Un lieu à part. Rungis est aussi un endroit qui a ses rites. Ici, aucun prix n’est affiché : les vendeurs ont gardé la tradition orale datant de l'époque des Halles. C’est aussi un lieu de convivialité : on se retrouve au café Le Saint Hubert, centre névralgique de Rungis, au pavillon de la volaille. Entre 1.500 et 2.500 cafés y sont bus en quelques heures. L'occasion de poursuivre les relations d'affaires au comptoir. "À Rungis c’est une institution : après les achats, en général, on y vient toujours se restaurer avec des collègues", assure un vendeur.

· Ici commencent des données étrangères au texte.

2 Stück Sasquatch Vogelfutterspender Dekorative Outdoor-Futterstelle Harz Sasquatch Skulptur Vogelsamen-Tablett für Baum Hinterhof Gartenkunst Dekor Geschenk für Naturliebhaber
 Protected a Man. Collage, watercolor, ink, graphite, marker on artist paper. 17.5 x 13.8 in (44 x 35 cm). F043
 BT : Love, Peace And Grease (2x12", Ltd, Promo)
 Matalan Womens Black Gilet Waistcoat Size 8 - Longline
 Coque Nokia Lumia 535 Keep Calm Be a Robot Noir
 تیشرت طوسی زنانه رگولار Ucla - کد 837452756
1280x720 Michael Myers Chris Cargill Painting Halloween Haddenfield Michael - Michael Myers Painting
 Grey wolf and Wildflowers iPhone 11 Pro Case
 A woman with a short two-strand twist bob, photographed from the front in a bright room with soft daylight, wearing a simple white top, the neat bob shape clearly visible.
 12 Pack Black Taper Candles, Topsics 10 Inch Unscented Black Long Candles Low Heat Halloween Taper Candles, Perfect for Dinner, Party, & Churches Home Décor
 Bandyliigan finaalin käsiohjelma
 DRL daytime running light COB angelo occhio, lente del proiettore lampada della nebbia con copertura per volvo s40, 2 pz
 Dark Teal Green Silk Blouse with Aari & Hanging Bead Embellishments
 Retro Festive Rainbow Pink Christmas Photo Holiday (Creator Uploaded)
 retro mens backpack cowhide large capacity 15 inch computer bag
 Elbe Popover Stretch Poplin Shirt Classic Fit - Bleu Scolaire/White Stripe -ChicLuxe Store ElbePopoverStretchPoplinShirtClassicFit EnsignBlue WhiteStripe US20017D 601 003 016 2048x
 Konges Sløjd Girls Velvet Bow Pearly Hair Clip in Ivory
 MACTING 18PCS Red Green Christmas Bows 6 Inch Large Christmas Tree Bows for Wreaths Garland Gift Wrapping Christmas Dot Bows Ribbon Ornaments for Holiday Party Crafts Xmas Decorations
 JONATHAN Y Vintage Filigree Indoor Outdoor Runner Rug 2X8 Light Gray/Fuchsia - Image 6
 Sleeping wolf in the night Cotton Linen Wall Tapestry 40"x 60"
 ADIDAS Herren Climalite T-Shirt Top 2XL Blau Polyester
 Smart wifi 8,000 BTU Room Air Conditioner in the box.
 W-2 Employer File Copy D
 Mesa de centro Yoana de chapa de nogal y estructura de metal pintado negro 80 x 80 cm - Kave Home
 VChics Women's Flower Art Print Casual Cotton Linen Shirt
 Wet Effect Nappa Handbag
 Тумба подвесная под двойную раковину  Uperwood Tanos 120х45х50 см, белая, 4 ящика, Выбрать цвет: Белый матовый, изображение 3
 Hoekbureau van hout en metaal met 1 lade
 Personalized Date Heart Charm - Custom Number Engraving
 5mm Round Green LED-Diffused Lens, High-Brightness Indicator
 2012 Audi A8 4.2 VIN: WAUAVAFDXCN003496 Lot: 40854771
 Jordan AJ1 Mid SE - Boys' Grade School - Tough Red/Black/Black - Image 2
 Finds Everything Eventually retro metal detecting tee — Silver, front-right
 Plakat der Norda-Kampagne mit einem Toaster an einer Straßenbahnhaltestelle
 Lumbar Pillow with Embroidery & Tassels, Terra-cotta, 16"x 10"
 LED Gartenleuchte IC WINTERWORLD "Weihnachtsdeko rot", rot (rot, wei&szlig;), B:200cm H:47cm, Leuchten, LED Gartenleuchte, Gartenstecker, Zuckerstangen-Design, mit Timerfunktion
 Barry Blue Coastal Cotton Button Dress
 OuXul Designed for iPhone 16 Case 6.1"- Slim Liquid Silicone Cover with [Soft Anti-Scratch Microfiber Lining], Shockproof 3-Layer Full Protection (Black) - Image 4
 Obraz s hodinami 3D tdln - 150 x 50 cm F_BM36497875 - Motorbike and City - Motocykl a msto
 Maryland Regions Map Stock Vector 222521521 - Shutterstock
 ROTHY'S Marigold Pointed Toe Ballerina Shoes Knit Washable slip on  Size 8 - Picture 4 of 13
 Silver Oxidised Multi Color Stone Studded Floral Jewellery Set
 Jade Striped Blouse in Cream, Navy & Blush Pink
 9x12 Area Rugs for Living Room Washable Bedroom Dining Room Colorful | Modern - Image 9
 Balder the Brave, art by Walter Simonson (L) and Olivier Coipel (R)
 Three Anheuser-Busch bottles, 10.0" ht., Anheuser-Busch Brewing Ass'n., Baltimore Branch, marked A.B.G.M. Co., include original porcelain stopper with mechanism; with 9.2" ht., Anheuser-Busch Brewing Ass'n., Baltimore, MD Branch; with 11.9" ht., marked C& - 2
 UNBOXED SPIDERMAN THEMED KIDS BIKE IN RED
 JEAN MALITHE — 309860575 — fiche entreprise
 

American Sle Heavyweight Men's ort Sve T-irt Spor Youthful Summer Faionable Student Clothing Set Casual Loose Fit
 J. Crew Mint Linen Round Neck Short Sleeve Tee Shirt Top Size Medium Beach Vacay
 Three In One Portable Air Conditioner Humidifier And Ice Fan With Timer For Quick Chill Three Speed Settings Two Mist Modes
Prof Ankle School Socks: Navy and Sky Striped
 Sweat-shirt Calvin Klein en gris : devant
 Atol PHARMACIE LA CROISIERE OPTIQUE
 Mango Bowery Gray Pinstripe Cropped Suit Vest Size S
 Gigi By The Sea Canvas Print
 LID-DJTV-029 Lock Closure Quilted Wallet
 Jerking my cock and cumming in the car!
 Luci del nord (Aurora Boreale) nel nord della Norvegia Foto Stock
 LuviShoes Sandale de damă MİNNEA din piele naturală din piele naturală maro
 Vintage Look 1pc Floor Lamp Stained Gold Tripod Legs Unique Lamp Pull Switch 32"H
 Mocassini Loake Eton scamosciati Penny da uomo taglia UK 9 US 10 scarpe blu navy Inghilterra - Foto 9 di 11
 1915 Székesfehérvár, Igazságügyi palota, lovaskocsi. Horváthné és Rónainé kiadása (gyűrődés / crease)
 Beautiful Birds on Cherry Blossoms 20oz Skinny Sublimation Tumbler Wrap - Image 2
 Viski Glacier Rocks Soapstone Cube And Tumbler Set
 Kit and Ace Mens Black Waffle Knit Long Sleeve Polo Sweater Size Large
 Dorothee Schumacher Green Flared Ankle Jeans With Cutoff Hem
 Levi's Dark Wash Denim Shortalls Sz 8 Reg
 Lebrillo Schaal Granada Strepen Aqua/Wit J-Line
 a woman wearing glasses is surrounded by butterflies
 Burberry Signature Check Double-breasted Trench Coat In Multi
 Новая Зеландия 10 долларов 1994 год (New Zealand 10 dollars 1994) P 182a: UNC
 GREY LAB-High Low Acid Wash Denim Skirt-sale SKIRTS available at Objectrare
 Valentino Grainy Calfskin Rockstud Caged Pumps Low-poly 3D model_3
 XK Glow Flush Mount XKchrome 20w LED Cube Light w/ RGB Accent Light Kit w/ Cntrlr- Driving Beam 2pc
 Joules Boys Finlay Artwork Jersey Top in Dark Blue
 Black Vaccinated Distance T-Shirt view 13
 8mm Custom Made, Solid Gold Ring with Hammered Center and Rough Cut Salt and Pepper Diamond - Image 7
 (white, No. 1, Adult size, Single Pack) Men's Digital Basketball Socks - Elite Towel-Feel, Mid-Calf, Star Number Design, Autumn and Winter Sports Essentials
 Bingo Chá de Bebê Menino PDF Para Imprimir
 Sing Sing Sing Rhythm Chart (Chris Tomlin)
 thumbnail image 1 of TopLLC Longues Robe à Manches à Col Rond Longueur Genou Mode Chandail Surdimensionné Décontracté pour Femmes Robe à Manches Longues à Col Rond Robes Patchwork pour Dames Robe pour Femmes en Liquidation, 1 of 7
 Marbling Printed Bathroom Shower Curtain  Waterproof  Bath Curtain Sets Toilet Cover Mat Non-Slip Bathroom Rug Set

Les visiteurs peuvent aussi y déjeuner, comme dans la quinzaine de restaurants présents sur le marché de Rungis. Il faudra passer le péage - 20 euros tout de même - mais si vous y déjeunez une fois, vous aurez un pass gratuit pour la prochaine fois. Vous pouvez aussi participer à une visite guidée tôt le matin. Rungis accueille 25.000 curieux par an. En revanche, vous ne pourrez pas y faire de bonnes affaires, le marché reste réservé aux professionnels détenteurs d’une carte d’acheteur.

Un modèle qui s’exporte. Cinquante ans après son ouverture, Rungis se concentre sur deux axes de développement : le numérique, avec une place de marché sur Internet, réservée aux professionnels, et l’international. De nombreux pays ont en effet envie de développer un marché de gros similaire. Les Philippines, le Vietnam, le Kazakhstan, la Hongrie ou encore le Bénin sont intéressés par le modèle français.Pour ces pays, Rungis se fait maître d'ouvrage et apporte son expertise. On devrait donc voir émerger dans les années qui viennent des copies du plus grand marché de France dans d'autres pays du monde.